『CODEX(コーデックス) 食品の国際規格ー⑤』
(貿易ともだち)さん、みんな(がんばるチャン!)してるかな? (4412)
7.コーデックス規格の問題点とそれにどう対処するのか? (~前号継続)
コンセンサスを得ることが極めて難しい場合、投票になることもあります。例えば、ナチュラルミネラルウォーターのコーデックス規格では、再度検討の意見が多かったので投票にかけられたのですが、33票対31票、棄権10票の偏差で採択されました。ほぼ半数の意見がありながら、再度検討の機会を奪われたのは問題だと、その後で大きな関心を呼びました。このように、投票が必ずしもいい方法というわけではありません。
このようなコーデックス規格策定の方式から考えると、自国の意見をきちんと会議の場で主張することがなによりも大切なことが分かります。書面による意見も大事ですが、最終的には会議の場で主張しなければ、大勢に影響を与えることができません。単に主張ばかりでなく、相手の意見を聞きながら臨機応変が必要なのも当然です。

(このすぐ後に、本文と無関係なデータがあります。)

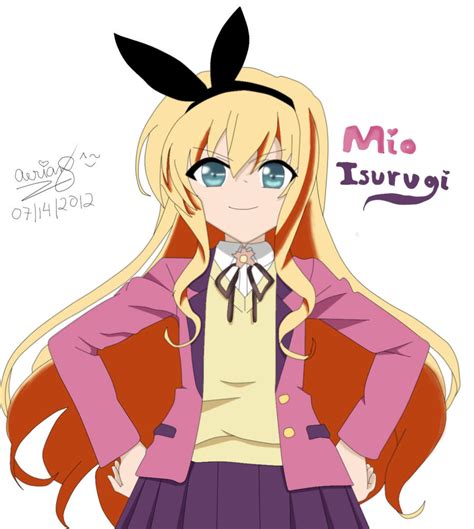 Mio Isurugi By Mistresssimple On Deviantart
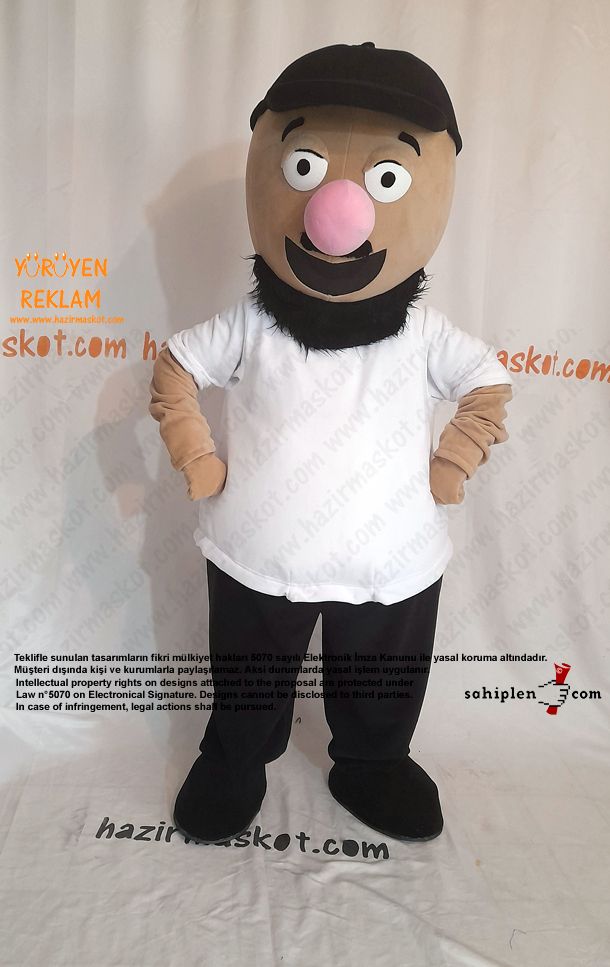 Kukla Maskot kostümü maskot kostümü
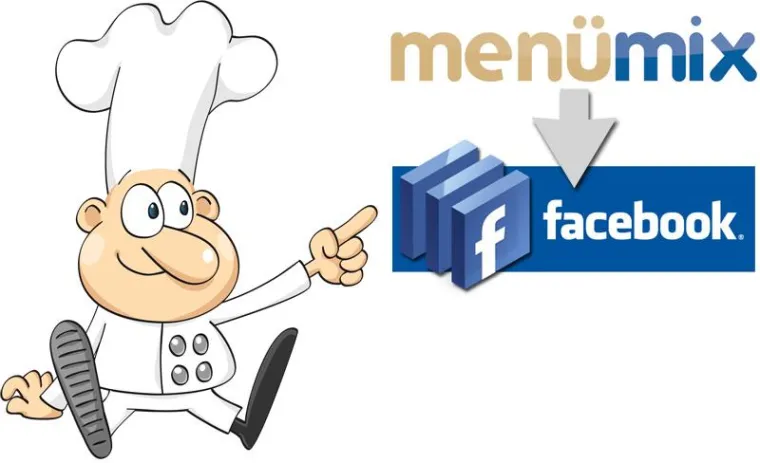 Bild: Neue Facebook-Anwendung zur Veröffentlichung von Mittagstisch- Angeboten auf Restaurant-Fanseiten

そこで起こるのが言葉の問題です。通常コーデックスの会議は英語、フランス語、スペイン語の3ヵ国語で進行しますが、ワーキンググループは英語だけで行われることが多いのです。日本語が公用語となる可能性は今のところ低いので、少なくとも英語で論議できるだけの語学力と、それを裏付ける専門知識が必要です。
さらにコンセンサスを得るためには一か国だけが主張しても通りません。意見を同じくする国々と協議するか、あるいは自国の意見を他の国によく説明して賛同を得るという努力が欠かせません。当然にこれは日常の活動として必要と考えられます。
以上のような仕組みを理解した上で、それに対処しなければなりません。まず大事なのはコーデックス規格に対する考え方です。
この規格は世界の様々な事情を考えて”われわれ”が作るということです。できたものを与えられるのではなく、世界の一員である我々が多国と共同して作り、そのために我々も主張をし、必要とあれば修正もするのです。
コーデックスの会場は基本的に政府間交渉です。非政府組織(NGO)も認められれば発言の機会はありますが投票権はありません。経済問題も含め、これらの組織が一体となって、言葉の壁を超え、常に情報を収集し、確たる方針の下で会議に臨まなければなりません。そのために恒久的な専門組織を国内に設けることもまた必要でしょう。